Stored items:
*-*-*
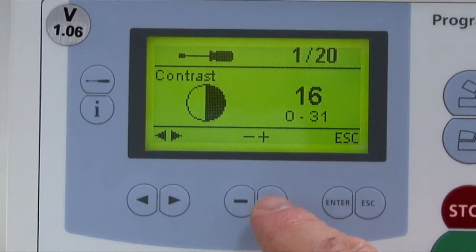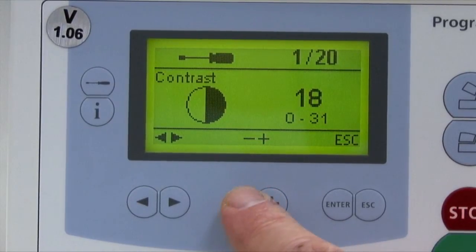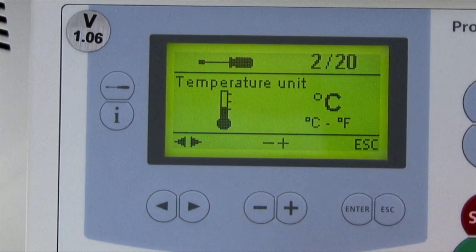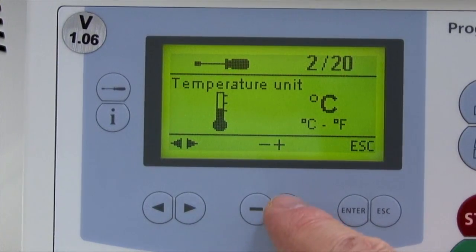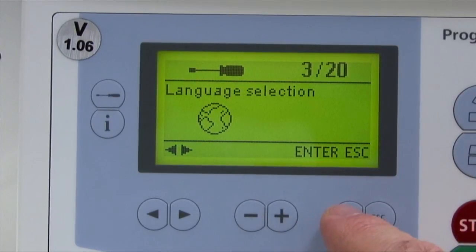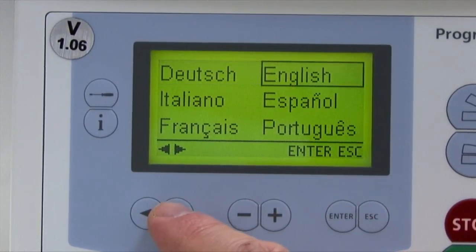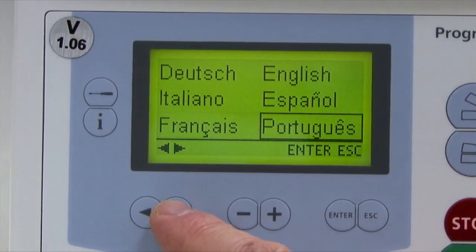The first setting is the screen contrast, which can be set by means of the plus or minus keys. The next setting is the temperature mode; the plus and minus keys are used to switch from Centigrade to Fahrenheit. Next is language selection: select Enter, then cursor to the desired language, then select Enter and Escape.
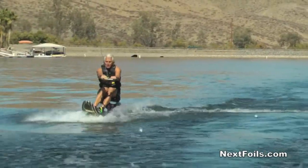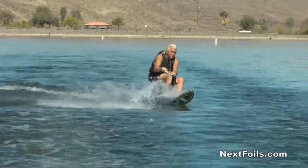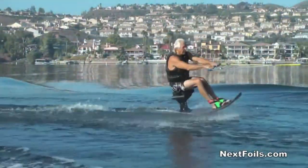When you aim your knees to the left, it's going to turn you to the left. You aim your knees to the right, it's going to turn you to the right. Just point your knees in the direction you want to go.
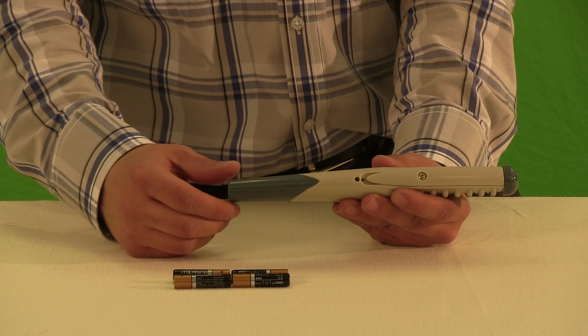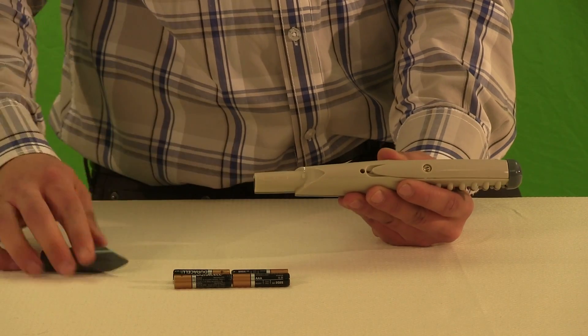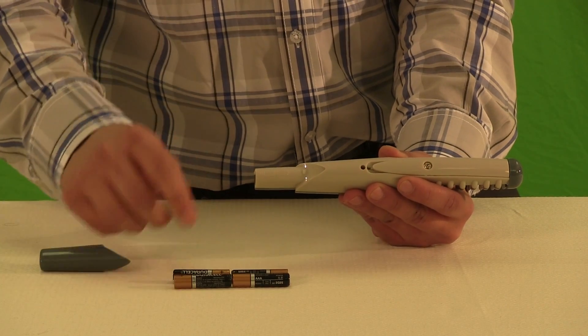Remove the battery compartment by pulling it down then off. It takes a little bit of force to do this. You'll need four AAA batteries.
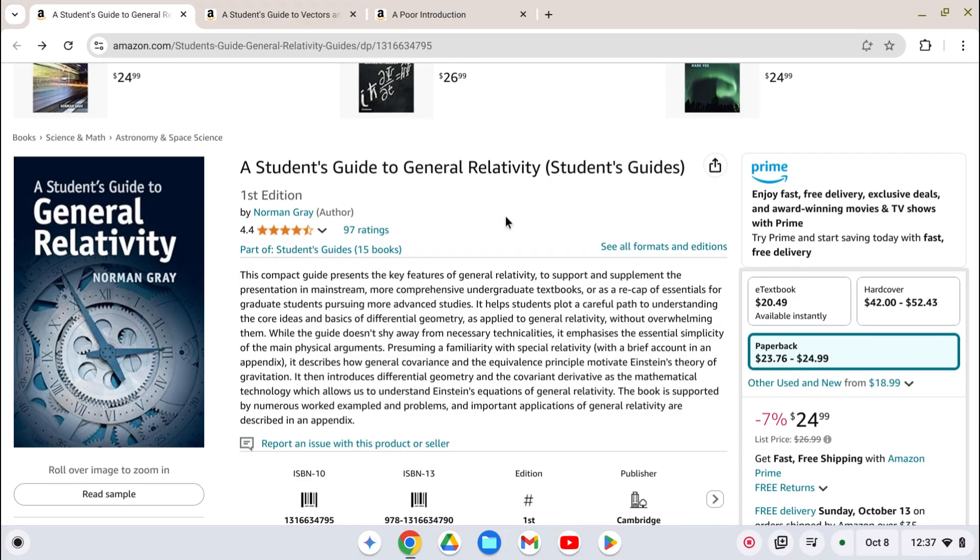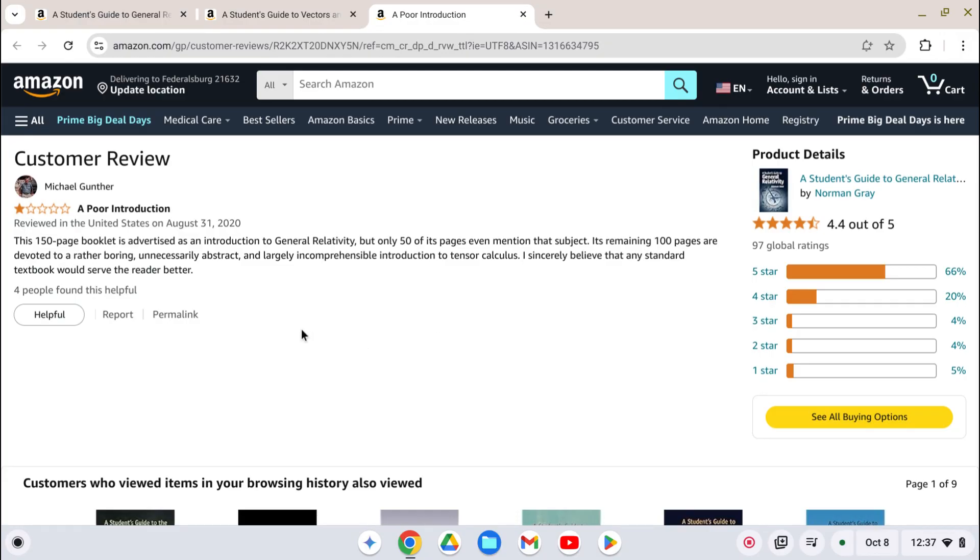This book is absolutely worthless. I bought it used and only paid five bucks for it. If I'd have paid full price for it, I would have had a stroke. I read the reviews after I purchased the book, and this guy sums it up the best: this 150-page book is advertised as an Introduction to General Relativity, but only 50 of its pages even mention that subject. Its remaining 100 pages are devoted to rather boring, unnecessarily abstract, and largely incomprehensible introduction to tensor calculus.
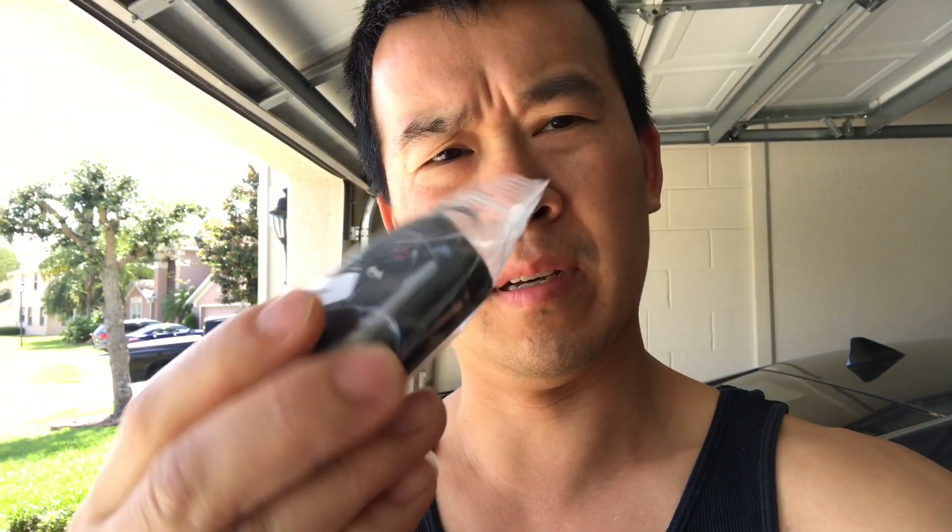Hey, what's up everyone. Today I'm working on my dad's Toyota Camry. He had lost one of his keys, so I ordered one of these flip keys — Toyota flip key aftermarket ones that I found on eBay and Amazon. I think it was like $22, $23.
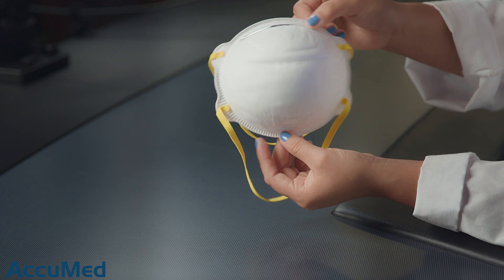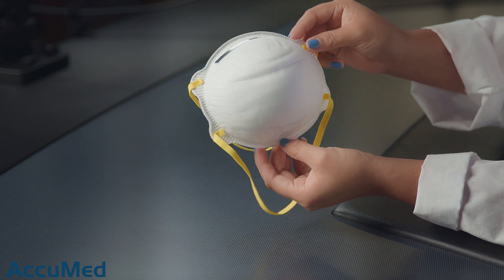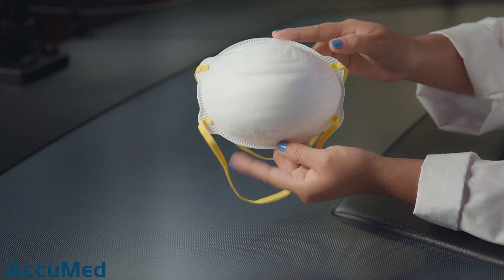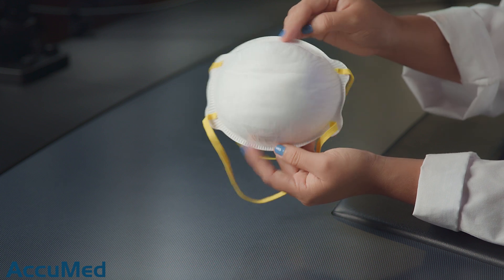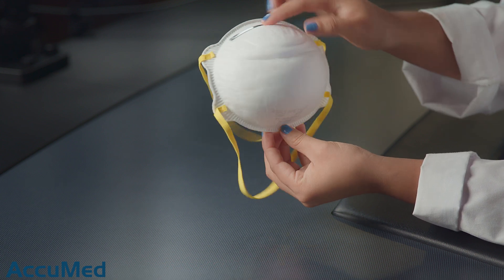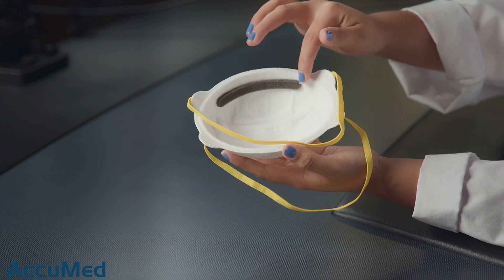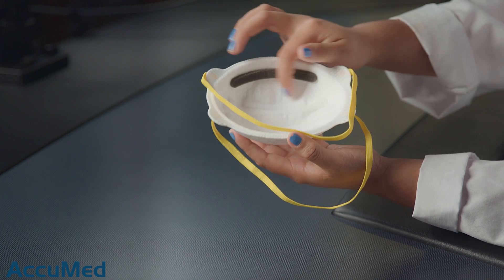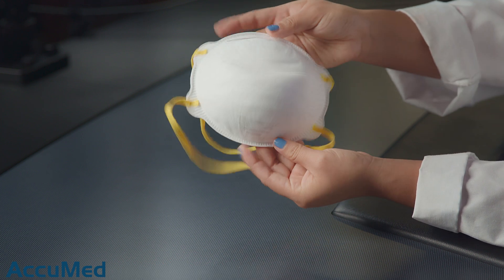Let's take a look at these respirators before we run them through our TSI machine. The first thing I notice is the texture is very different compared to other cup styles we've reviewed — this is more of a soft cup style. They do come a little wrinkled. They seem very short lengthwise. From the inside, they have a nose foam and a nose wire.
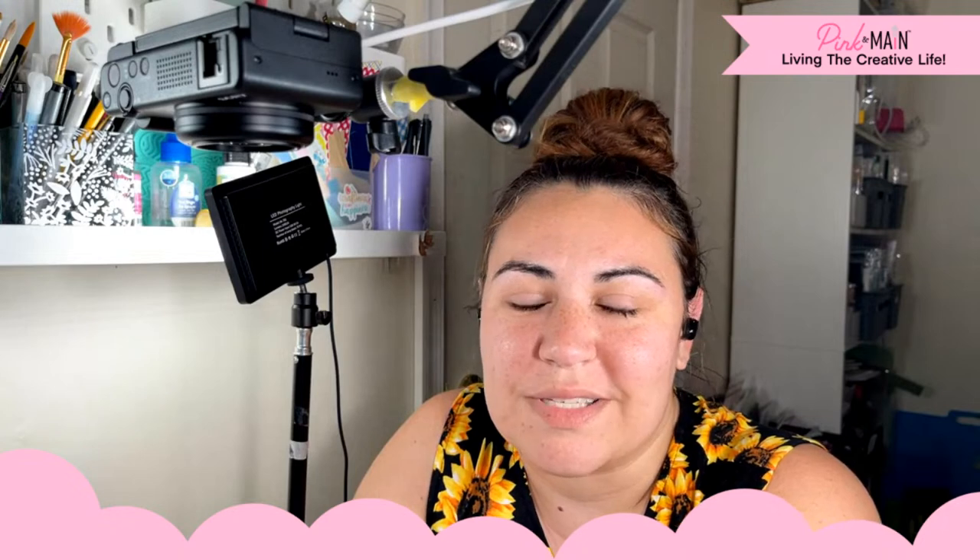Hi friends, this is Caitlin. Thank you so much for coming to hang out with me on this Friday night. We're trying something a little different this week — we're hanging out on Monday and Friday. Next week we will go back to our normal Tuesday, Thursday schedule. Same time, same places, but let's enjoy a little Friday night crafting together.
*-*-*
**Task item**
The answer must reproduce every line of the records above exactly, with all pictures left out.

**The completed task**
The first setting is the screen contrast, which can be set by means of the plus or minus keys. The next setting is the temperature mode; the plus and minus keys are used to switch from Centigrade to Fahrenheit. Next is language selection: select Enter, then cursor to the desired language, then select Enter and Escape.
When you aim your knees to the left, it's going to turn you to the left. You aim your knees to the right, it's going to turn you to the right. Just point your knees in the direction you want to go.
Remove the battery compartment by pulling it down then off. It takes a little bit of force to do this. You'll need four AAA batteries.
This book is absolutely worthless. I bought it used and only paid five bucks for it. If I'd have paid full price for it, I would have had a stroke. I read the reviews after I purchased the book, and this guy sums it up the best: this 150-page book is advertised as an Introduction to General Relativity, but only 50 of its pages even mention that subject. Its remaining 100 pages are devoted to rather boring, unnecessarily abstract, and largely incomprehensible introduction to tensor calculus.
Hey, what's up everyone. Today I'm working on my dad's Toyota Camry. He had lost one of his keys, so I ordered one of these flip keys — Toyota flip key aftermarket ones that I found on eBay and Amazon. I think it was like $22, $23.
Let's take a look at these respirators before we run them through our TSI machine. The first thing I notice is the texture is very different compared to other cup styles we've reviewed — this is more of a soft cup style. They do come a little wrinkled. They seem very short lengthwise. From the inside, they have a nose foam and a nose wire.
Hi friends, this is Caitlin. Thank you so much for coming to hang out with me on this Friday night. We're trying something a little different this week — we're hanging out on Monday and Friday. Next week we will go back to our normal Tuesday, Thursday schedule. Same time, same places, but let's enjoy a little Friday night crafting together.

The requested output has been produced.